Have you noticed many companies no longer have a simple advert between the commercial TV programmes, they now 'Sponsor' the programme !

Some have a link, at times a very loose link, between the product / service and the programme contents.

By definition “To sponsor something is to support an event, activity, person, or organization financially or through the provision of products or services. A sponsor is the individual or group that provides the support, similar to a benefactor.”

Wikipedia refers to commercial sponsorship as :-

Sponsorship is a cash and/or in-kind fee paid to a property (typically in sports, arts, entertainment or causes) in return for access to the exploitable commercial potential associated with that property. While the sponsee (property being sponsored) may be nonprofit, unlike philanthropy, sponsorship is done with the expectation of a commercial return. While sponsorship can deliver increased awareness, brand building and propensity to purchase, it is different to advertising. Unlike advertising, sponsorship can not communicate specific product attributes. Nor can it stand alone. Sponsorship requires support elements. And, while advertising messages are controlled by the advertiser, sponsors do not control the message that is communicated. Consumers decide what a sponsorship means.

So in my opinion this type of sponsership is an ad' linked to a programme !

What are you thoughts ?

  Condom 17:31 12 Jul 12

Like many things this "Sponsorship" arrived from across the pond and of course has started in this country the same way that it did in the USA, ie no interference with programme content.

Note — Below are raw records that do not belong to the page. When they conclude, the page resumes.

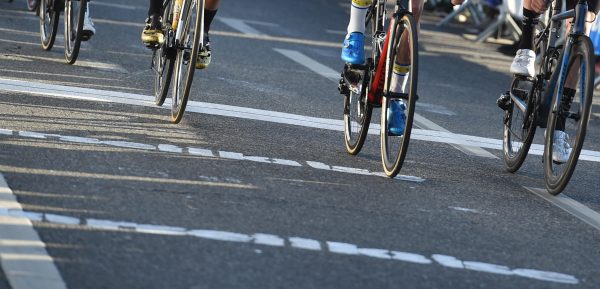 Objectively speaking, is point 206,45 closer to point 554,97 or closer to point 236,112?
point 236,112

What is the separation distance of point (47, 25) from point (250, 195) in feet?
16.4

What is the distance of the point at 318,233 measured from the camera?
5.56 meters

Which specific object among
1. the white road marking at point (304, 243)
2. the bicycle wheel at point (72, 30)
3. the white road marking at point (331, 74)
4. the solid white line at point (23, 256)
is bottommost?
the white road marking at point (331, 74)

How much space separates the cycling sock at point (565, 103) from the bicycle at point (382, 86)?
818 mm

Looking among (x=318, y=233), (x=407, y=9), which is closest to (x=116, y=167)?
(x=318, y=233)

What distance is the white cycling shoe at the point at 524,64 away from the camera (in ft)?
25.6

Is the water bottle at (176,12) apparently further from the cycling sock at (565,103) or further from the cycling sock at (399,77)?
the cycling sock at (565,103)

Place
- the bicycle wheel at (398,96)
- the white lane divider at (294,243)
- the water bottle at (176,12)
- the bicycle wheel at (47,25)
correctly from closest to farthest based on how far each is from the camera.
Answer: the white lane divider at (294,243) < the bicycle wheel at (398,96) < the water bottle at (176,12) < the bicycle wheel at (47,25)

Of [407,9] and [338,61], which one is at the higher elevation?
[407,9]

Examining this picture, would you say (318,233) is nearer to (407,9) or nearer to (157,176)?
(157,176)

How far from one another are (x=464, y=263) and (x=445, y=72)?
27.1 feet

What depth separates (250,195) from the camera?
6141 mm

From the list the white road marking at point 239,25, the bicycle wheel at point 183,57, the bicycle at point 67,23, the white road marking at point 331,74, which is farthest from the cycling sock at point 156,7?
the white road marking at point 239,25

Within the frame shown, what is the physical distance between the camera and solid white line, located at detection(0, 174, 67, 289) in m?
4.46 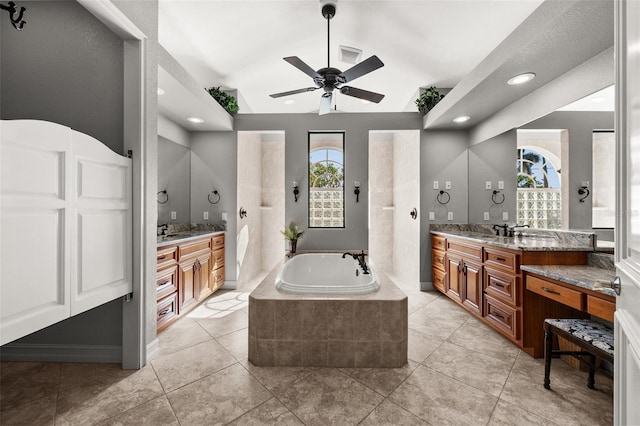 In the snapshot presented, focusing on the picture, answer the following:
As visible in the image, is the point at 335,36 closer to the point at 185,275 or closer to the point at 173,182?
the point at 173,182

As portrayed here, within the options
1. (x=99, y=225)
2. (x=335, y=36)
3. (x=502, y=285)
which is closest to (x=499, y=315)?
(x=502, y=285)

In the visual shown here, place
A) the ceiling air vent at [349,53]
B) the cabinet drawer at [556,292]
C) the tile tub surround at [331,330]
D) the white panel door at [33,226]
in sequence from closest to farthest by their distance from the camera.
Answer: the white panel door at [33,226], the cabinet drawer at [556,292], the tile tub surround at [331,330], the ceiling air vent at [349,53]

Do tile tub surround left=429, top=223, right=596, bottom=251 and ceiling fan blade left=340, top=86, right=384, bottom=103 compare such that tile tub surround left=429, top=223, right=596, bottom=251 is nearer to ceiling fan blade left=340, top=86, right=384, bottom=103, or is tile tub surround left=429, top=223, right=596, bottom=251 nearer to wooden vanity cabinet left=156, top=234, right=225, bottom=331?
ceiling fan blade left=340, top=86, right=384, bottom=103

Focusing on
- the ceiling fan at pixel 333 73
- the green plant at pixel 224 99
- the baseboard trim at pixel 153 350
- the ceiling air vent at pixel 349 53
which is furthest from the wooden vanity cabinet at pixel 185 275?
the ceiling air vent at pixel 349 53

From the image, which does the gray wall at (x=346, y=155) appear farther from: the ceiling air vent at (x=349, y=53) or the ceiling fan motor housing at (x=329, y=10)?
the ceiling fan motor housing at (x=329, y=10)

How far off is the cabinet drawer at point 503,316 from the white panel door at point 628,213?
1.57m

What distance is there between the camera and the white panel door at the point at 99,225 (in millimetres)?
1574

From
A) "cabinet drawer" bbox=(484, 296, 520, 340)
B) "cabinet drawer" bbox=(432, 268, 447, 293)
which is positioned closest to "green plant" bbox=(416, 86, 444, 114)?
"cabinet drawer" bbox=(432, 268, 447, 293)

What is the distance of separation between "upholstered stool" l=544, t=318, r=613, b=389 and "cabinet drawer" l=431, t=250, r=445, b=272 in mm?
1785

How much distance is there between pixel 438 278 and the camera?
370 centimetres

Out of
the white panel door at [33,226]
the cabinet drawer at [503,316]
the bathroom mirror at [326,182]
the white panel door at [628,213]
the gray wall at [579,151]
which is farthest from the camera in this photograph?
the bathroom mirror at [326,182]

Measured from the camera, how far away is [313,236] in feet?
13.2

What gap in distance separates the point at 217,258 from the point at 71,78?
2.36 m

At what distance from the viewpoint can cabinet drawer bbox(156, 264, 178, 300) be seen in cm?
248
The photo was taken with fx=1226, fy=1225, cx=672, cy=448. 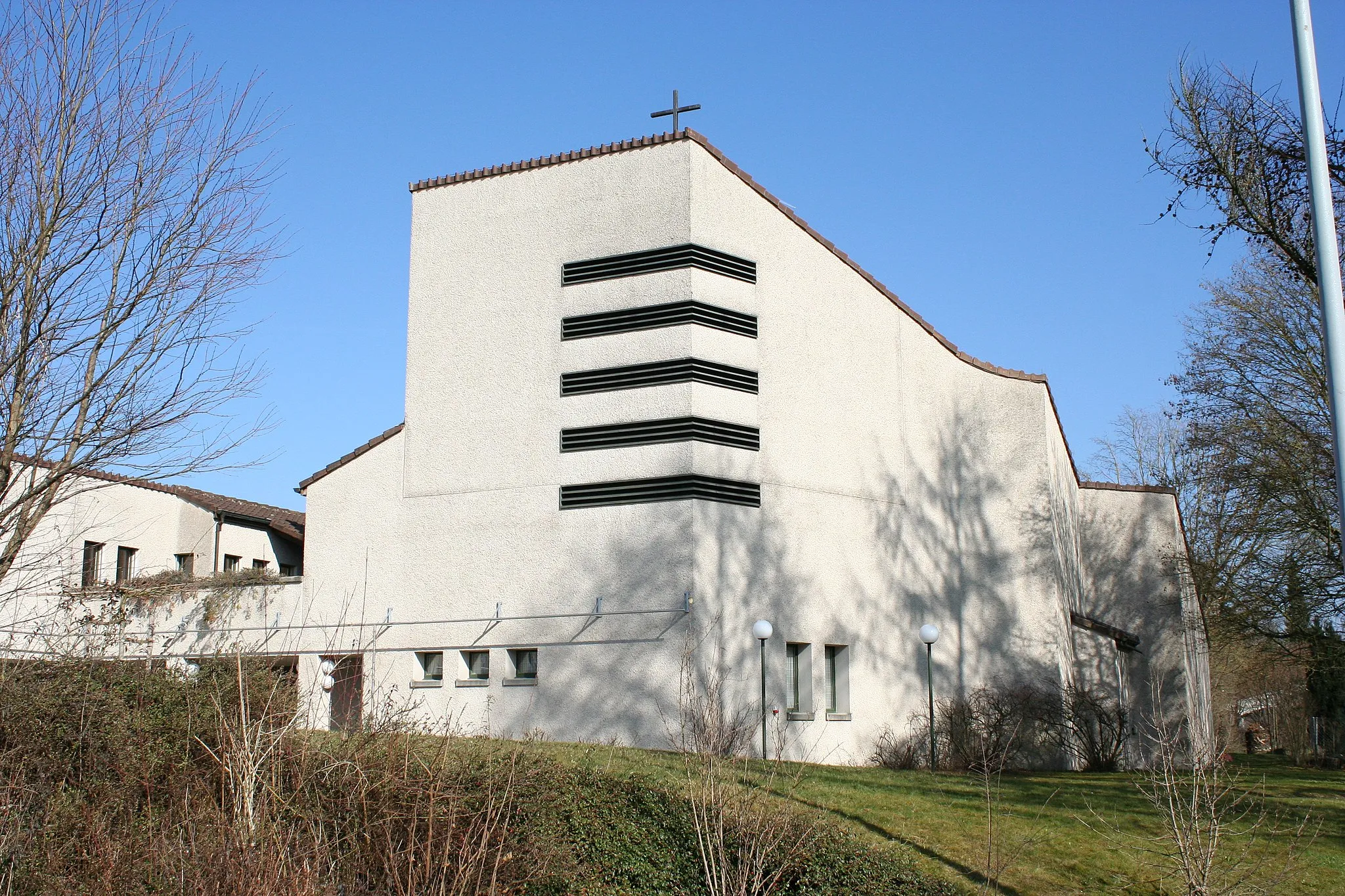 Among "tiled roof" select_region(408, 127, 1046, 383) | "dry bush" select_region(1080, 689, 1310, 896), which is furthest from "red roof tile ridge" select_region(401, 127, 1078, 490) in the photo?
"dry bush" select_region(1080, 689, 1310, 896)

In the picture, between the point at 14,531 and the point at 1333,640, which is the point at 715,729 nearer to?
the point at 14,531

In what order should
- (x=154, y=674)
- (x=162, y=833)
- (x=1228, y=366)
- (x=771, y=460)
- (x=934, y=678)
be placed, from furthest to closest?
(x=1228, y=366), (x=934, y=678), (x=771, y=460), (x=154, y=674), (x=162, y=833)

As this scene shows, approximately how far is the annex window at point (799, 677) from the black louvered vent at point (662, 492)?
2.95m

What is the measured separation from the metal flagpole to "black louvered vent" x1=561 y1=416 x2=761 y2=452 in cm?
1534

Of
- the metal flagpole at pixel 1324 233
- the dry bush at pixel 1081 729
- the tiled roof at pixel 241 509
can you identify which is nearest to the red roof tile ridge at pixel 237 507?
the tiled roof at pixel 241 509

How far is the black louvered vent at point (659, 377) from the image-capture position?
76.9 feet

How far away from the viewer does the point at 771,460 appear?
2416 centimetres

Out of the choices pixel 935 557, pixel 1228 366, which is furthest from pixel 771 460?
pixel 1228 366

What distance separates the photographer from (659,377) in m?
23.6

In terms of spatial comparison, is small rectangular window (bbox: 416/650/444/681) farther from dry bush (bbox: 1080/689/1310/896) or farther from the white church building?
dry bush (bbox: 1080/689/1310/896)

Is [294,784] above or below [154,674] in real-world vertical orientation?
below

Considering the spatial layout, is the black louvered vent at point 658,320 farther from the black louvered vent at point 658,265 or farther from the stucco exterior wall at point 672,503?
the black louvered vent at point 658,265

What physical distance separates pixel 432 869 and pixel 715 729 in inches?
120

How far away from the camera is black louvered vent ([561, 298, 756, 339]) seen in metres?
23.7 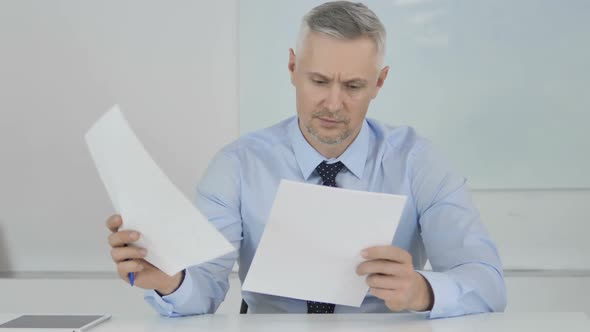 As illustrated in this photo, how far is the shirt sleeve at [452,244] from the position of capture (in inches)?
64.8

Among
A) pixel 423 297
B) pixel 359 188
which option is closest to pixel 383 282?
pixel 423 297

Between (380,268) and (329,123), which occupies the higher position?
(329,123)

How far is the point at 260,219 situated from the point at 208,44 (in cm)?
172

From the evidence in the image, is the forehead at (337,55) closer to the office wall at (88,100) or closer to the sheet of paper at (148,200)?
the sheet of paper at (148,200)

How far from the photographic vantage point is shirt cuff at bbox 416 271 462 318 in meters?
1.61

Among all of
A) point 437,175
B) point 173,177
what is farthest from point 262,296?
point 173,177

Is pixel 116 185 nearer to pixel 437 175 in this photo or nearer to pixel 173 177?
pixel 437 175

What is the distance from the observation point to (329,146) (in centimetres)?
203

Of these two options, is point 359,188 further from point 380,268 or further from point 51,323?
point 51,323

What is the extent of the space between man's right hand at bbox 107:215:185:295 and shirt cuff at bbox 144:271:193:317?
0.01m

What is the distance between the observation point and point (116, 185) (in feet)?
4.63

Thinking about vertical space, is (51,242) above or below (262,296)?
below

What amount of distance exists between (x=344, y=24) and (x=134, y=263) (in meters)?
0.80

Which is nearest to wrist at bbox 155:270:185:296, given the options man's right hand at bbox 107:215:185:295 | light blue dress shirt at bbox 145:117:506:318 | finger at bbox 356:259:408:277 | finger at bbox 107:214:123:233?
man's right hand at bbox 107:215:185:295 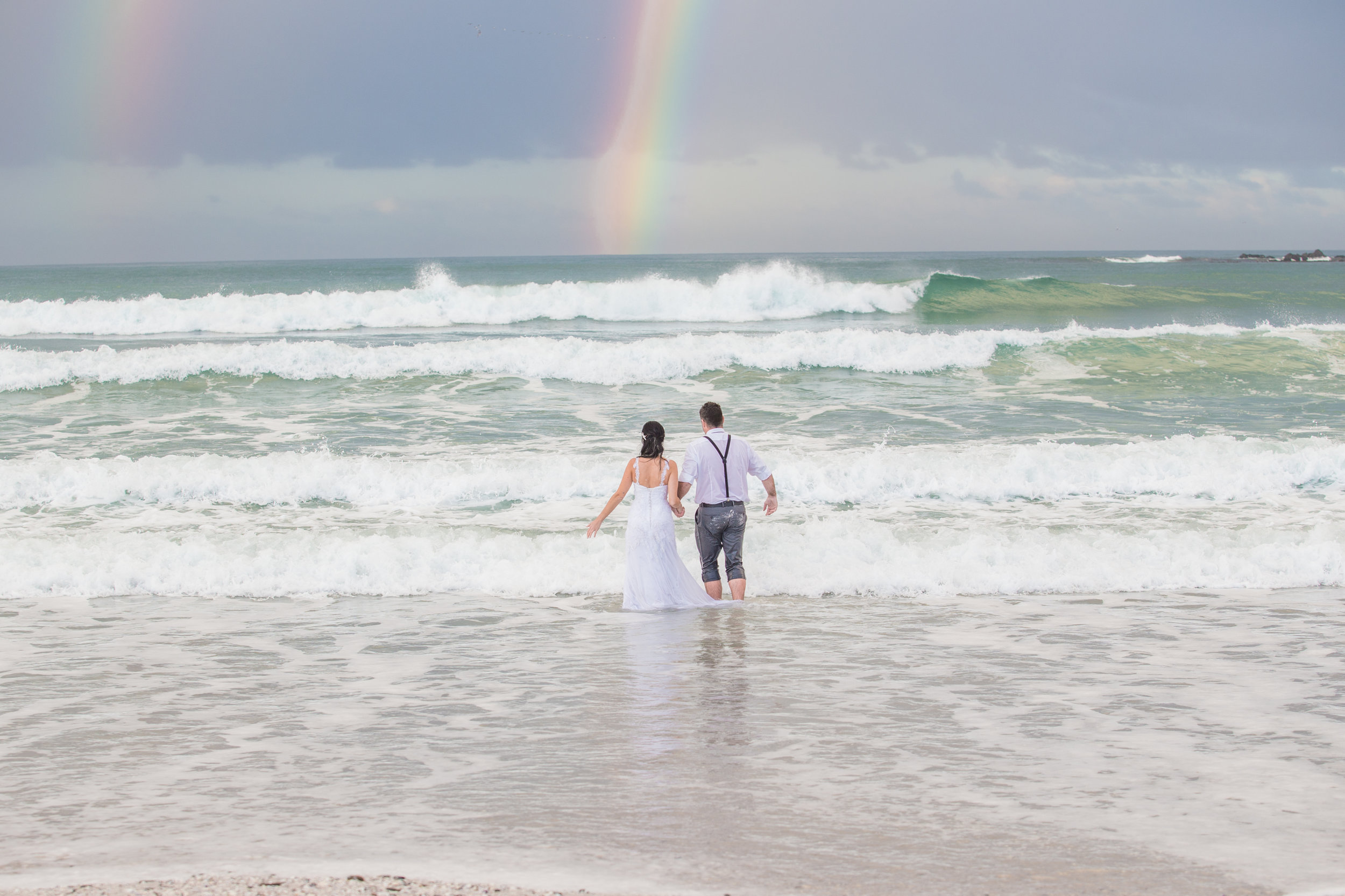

That of course all changed over there and "Sponsors" have got so powerful that they can now interfere in content or direction on content.

I dread to think that that might happen over here but given time it might.

  Forum Editor 23:17 12 Jul 12

"Like many things this "Sponsorship" arrived from across the pond and of course has started in this country the same way that it did in the USA, ie no interference with programme content."

TV sponsorship was alive and well in America in the 1940s, and before that on radio networks. In the early 1950s the sheer cost of sponsoring a show became prohibitive as far as most companies were concerned, and advertising breaks with ads for several different sponsors appeared in place of the 'and now, a word from our sponsor' breaks that were familiar before.

Sponsors exerted considerable influence over programme content in America, but so far that hasn't happened here.

  Quickbeam 09:10 13 Jul 12

I think it's been with us on British TV for more than 10 years, that's about when I first noticed it's appearance.

  Condom 11:06 13 Jul 12

I'm not sure what the FE is getting at here. He is repeating what I said, quoting part of it. I'm not sure if he is agreeing or disagreeing with what I said.

  bjh 11:37 13 Jul 12

Sponsorship is, of course, why "soaps" are called soaps, so it isn't anything new.

I believe product placement has now become (or is about to become) legal as well, albeit with some funny symbol onscreen at the beginning to alert the viewer.

TV has to be paid for in some way; salaries to meet, studios to rent, film to... er film. So, adverts, sponsorship, BBC license, pay-per-view or whatever. So long as we, the viewer, are informed, so we can make informed decisions, I'm not sure it matters.